5 Non-Musical Influences on Sparks’ Idiosyncratic New LP “MAD!”

Ron Mael shares which cultural figures and Parisian neighborhoods may have subtly shaded the duo’s 26th album.
Non-Musical Influences

5 Non-Musical Influences on Sparks’ Idiosyncratic New LP MAD!

Ron Mael shares which cultural figures and Parisian neighborhoods may have subtly shaded the duo’s 26th album.

Words: Mike LeSuer

Photo: Munachi Osegbu

May 23, 2025

Over 50 years into their career, it’s funny to think that anything inspires brothers Ron and Russell Mael anymore beyond their own music as Sparks, with a dense and shapeshifting discography providing a blueprint for their next project as much as it indicates which paths to not retread. As we noted in our review of their 26th studio album MAD! earlier this week, there’s a perceptible sincerity to several of the new songs’ lyrical longings, matched by spritely synthpop melodies that remain Sparksian in their instrumental idiosyncrasies and inevitable tongue-in-cheek punchlines.

But as Ron Mael shares with us, it’s even hard for the duo to perceive any non-music influences on their work. Given that MAD! is rife with proper noun usages in its lyrics and song titles, though, he seems aware of the ways in which the figures and locales (not to mention products, from Jordan sneakers to JanSport backpacks) the Maels encounter provide building blocks for their lyrical universe. “In all candor, no non-musical influence is something I’m aware of having a direct effect on MAD!—or any of our other albums, for that matter,” he explains. “Like everyone else, what you experience and what remains with you has an effect on you that most times can’t be specified.” 

Ultimately, he cites MJ’s competitive spirit and a French neighborhood that exceeded his long-held expectations for life abroad as potential inspirations for this chapter of Sparks. “Here are several non-musical people, places, or things that have probably changed me in some way,” he adds of the five items he chose for this list, “and therefore changed our music in ways that others can analyze. I’m not into self-scrutiny.”
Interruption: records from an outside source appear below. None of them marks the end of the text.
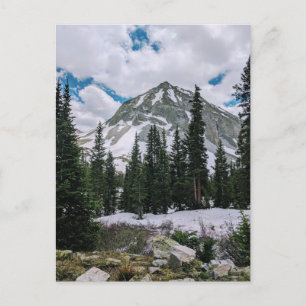 Crested Butte, Colorado Postcard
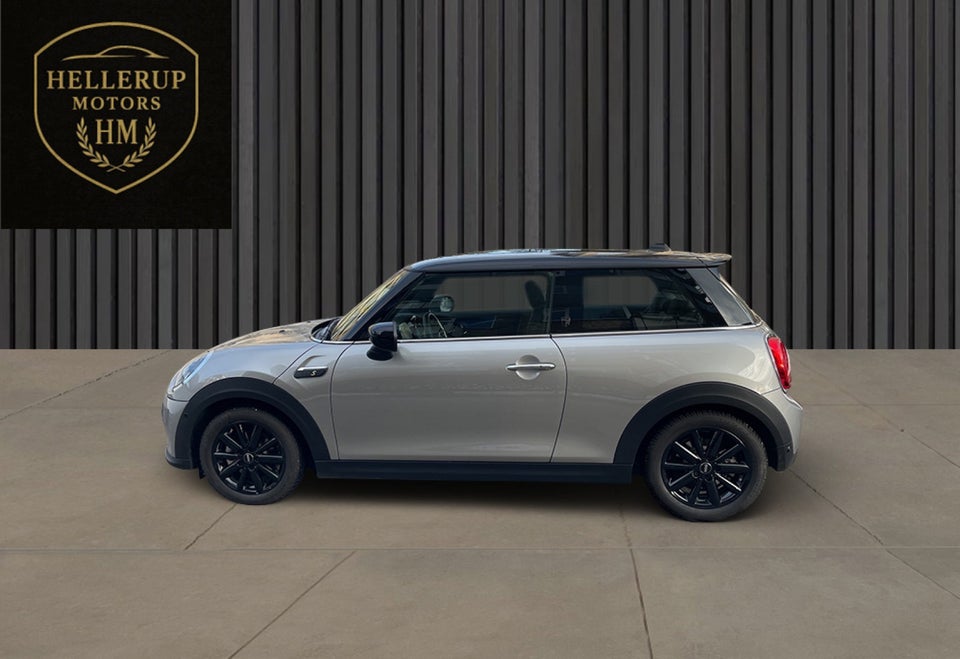 MINI Cooper SE Yours Trim 3d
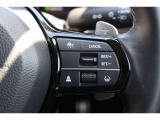 安全運転支援システムHonda SENSINGを搭載。衝突軽減ブレーキや、誤発進抑制機能、アダプティブクルーズコントロール、車線維持など複数の先進技術で安心・快適なドライブをサポートします。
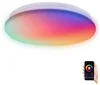 Aigostar RGBW LED stropní svítidlo do koupelny 12W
Scrutinize his picks below, and stream MAD! below.

Michael Jordan
I find many athletes much more interesting than the majority of musicians. Michael Jordan revolutionized both the playing of basketball, but also the merging of fashion with sports. He was the first athlete in the US with his own line of shoes. The company is now worth about $7 billion. I was slightly delusional at the time and thought that wearing his shoes would give me some of his superpowers. It didn’t. He was also the first player to wear longer, baggy shorts rather than the short shorts that every other player of the time wore. I always admired his intensity and focus. He was relentless. I admired his attempt to humiliate anyone else who thought they could compete with him. Yes, indeed!

Mark Twain
I’m in agreement with Ernest Hemingway when he said, "All modern American literature comes from one book by Mark Twain called Huckleberry Finn… All American writing comes from that. There was nothing before. There has been nothing as good since.” Amen, brother!

Saint-Germain
Before we even went anywhere, I had stereotype fantasies about foreign places—and about France, most of all. We did “The Louvre” on Woofer in Tweeter’s Clothing before we had set foot in France. Some places turned out not to live up to my fantasies, but the Saint-Germain area of Paris has always both lived up to and exceeded my expectations. It is, to me, always like being in a French film from the ’30s. 

Tour souvenirs 
I love to stop at roadside places on tour and buy a remembrance of that place. That, to me, is collecting art.

Veronica Lake
OK, I take it back—sometimes something or someone does have a direct effect on a song, and obviously Ms. Lake was worthy of a tribute in some small way. Most experts never considered her a great actress, but sometimes an appearance on screen and what you project is beyond good or bad acting. To me, the sexiest scene in any film is the scene in I Married a Witch where she is with Fredric March (who hated her in real life) and she is wearing baggy men’s pajamas while he is with her. Some witch! Also, any film with Robert Benchley was instantly a classic. He was pure wit.